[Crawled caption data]
━━━━

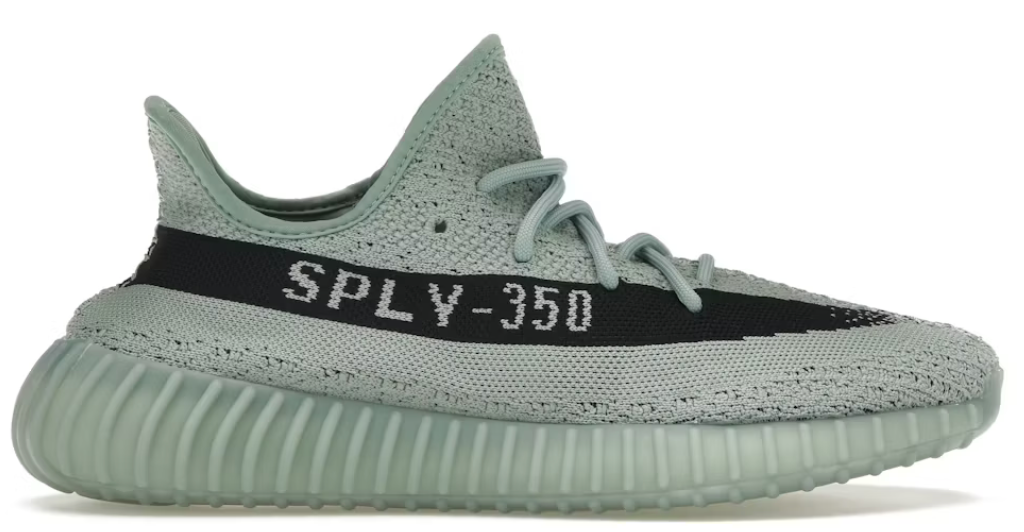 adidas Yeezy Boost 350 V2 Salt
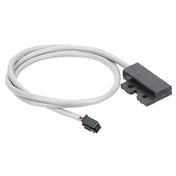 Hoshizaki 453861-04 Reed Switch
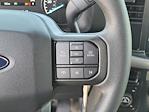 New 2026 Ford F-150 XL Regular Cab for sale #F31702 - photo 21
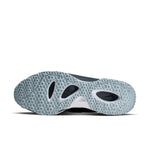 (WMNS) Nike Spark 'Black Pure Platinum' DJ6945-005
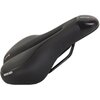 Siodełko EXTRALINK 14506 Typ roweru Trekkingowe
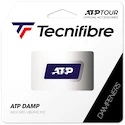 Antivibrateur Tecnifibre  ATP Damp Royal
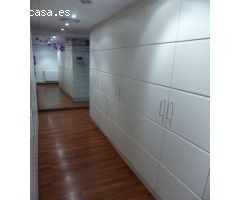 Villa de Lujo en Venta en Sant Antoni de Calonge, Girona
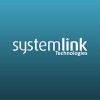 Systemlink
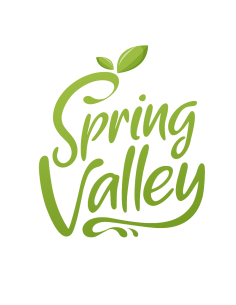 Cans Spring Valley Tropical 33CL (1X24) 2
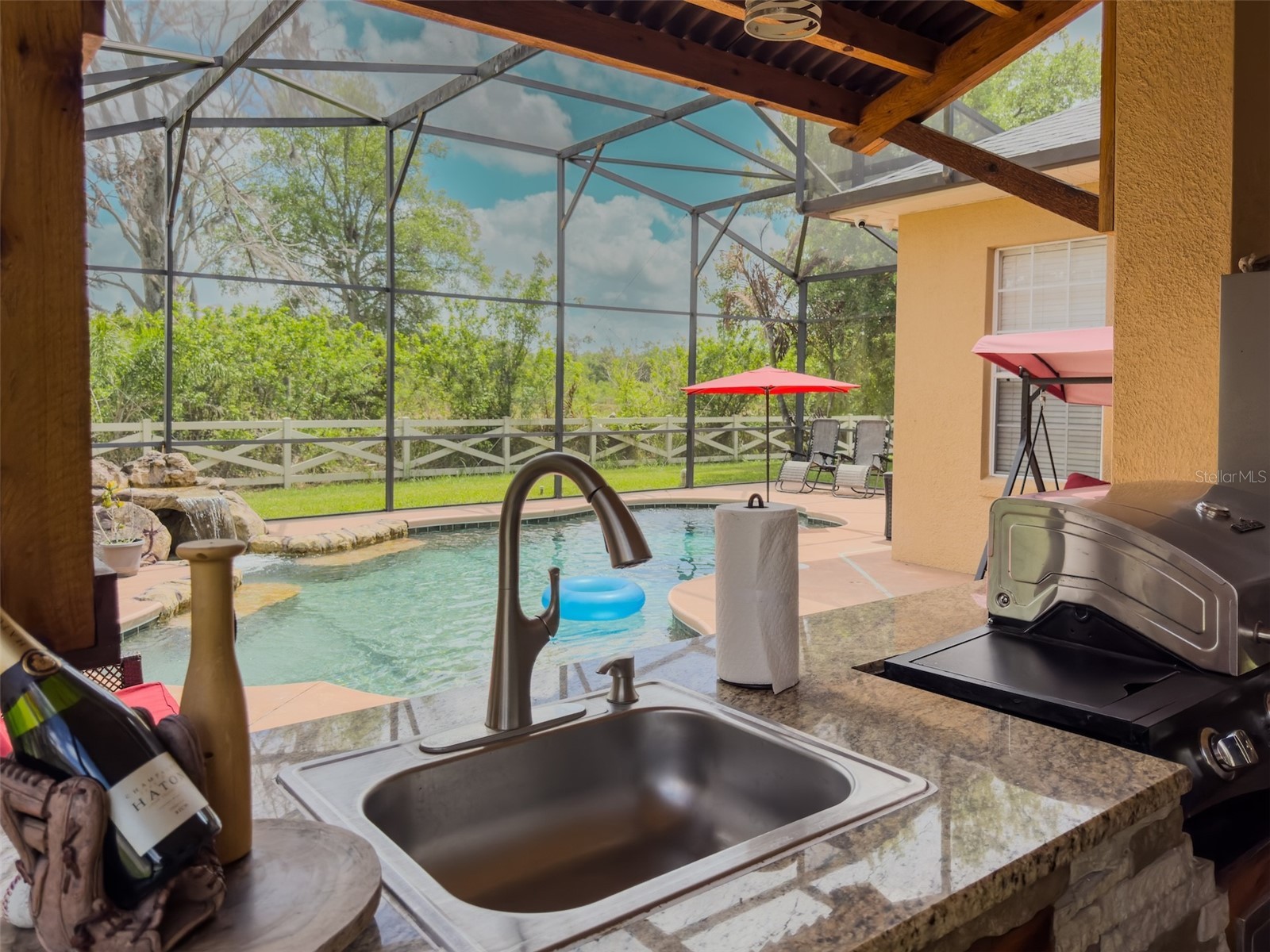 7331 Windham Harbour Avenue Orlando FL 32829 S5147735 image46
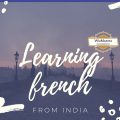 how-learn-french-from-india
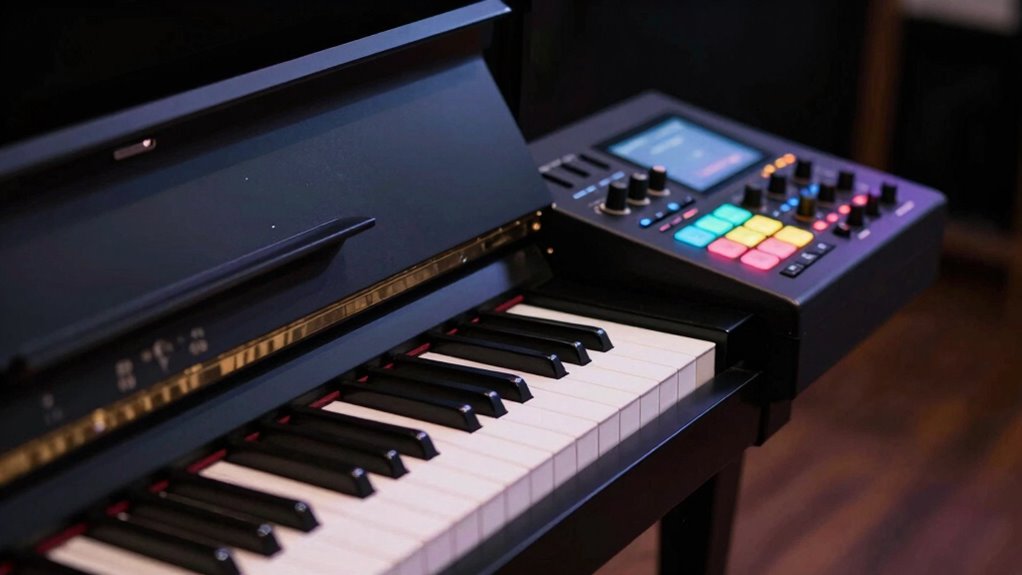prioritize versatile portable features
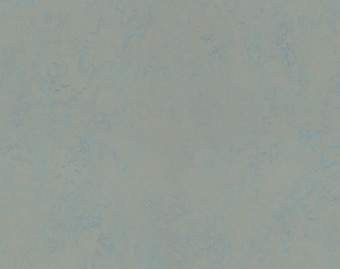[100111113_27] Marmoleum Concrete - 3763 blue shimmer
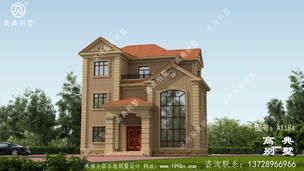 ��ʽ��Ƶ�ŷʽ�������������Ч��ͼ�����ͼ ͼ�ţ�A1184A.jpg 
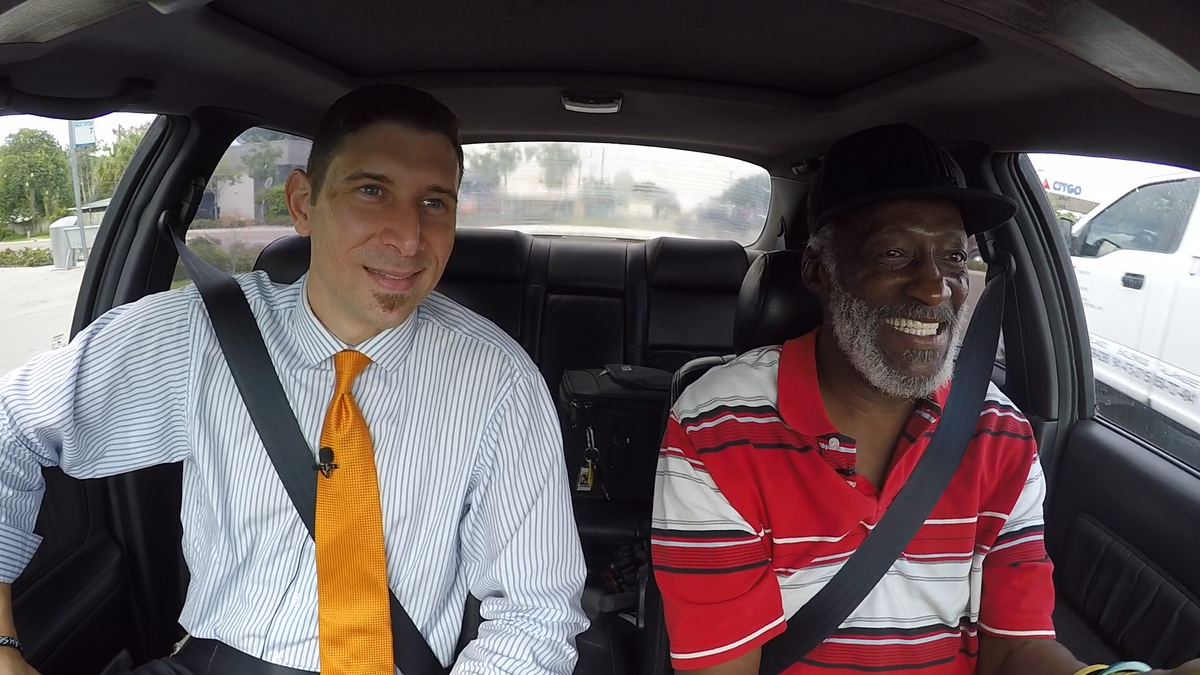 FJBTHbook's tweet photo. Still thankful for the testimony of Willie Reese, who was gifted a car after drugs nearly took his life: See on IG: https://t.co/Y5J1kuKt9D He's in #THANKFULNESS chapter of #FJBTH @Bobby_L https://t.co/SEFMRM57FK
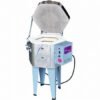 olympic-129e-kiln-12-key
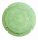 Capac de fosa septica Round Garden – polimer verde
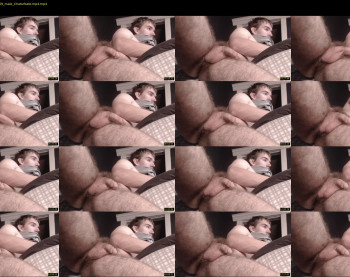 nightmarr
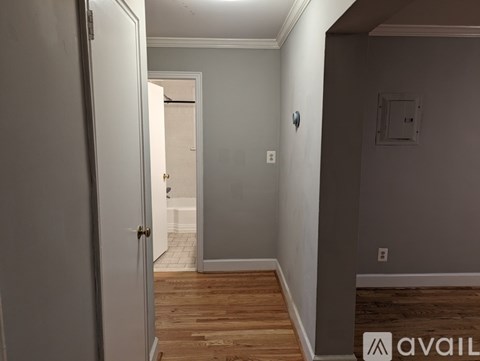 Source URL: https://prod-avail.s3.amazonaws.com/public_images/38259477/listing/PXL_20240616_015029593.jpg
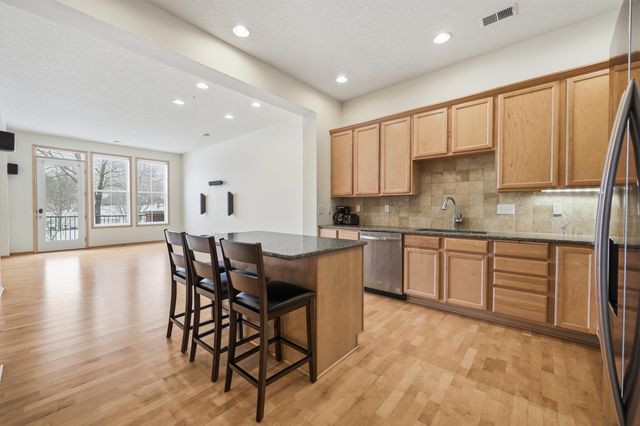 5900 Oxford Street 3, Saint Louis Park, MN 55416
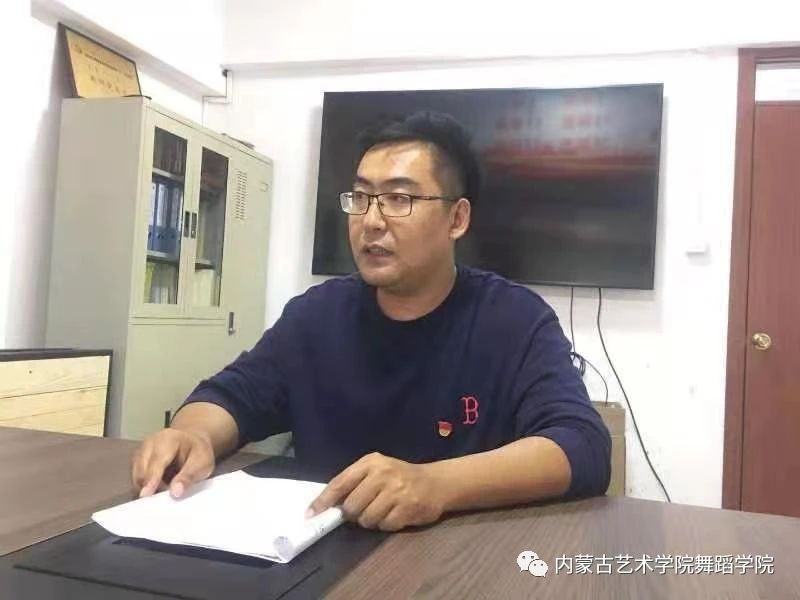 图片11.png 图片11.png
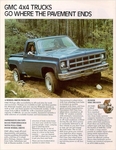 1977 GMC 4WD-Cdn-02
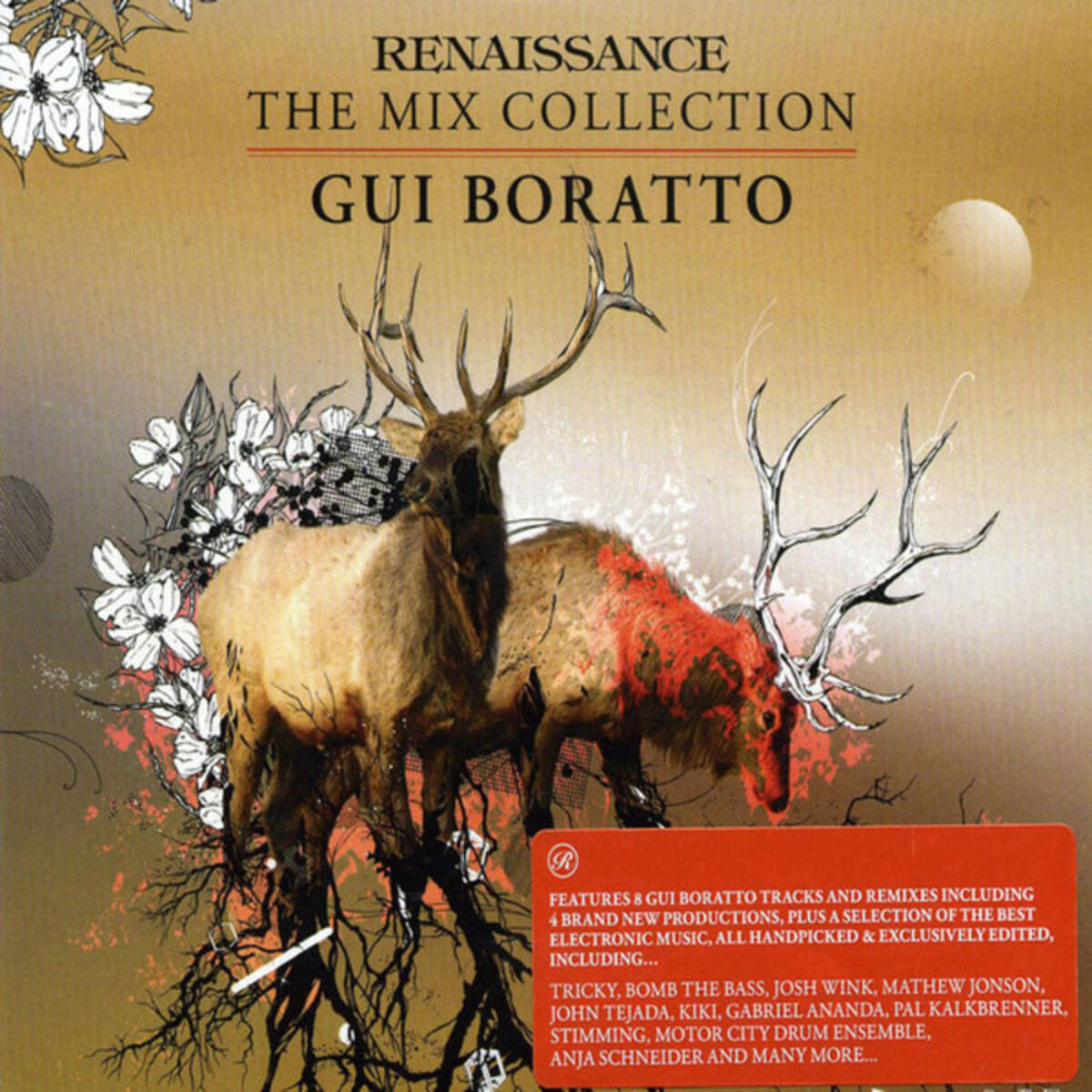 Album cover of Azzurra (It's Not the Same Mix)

━━━━

Your objective: The answer should contain only the lines from the start of the records above through the line with "Villa de Lujo", copied exactly, and no pictures.

Solution for this exercise:
 adidas Yeezy Boost 350 V2 Salt
 Hoshizaki 453861-04 Reed Switch
 New 2026 Ford F-150 XL Regular Cab for sale #F31702 - photo 21
 (WMNS) Nike Spark 'Black Pure Platinum' DJ6945-005
 Siodełko EXTRALINK 14506 Typ roweru Trekkingowe
 Antivibrateur Tecnifibre  ATP Damp Royal
 Villa de Lujo en Venta en Sant Antoni de Calonge, Girona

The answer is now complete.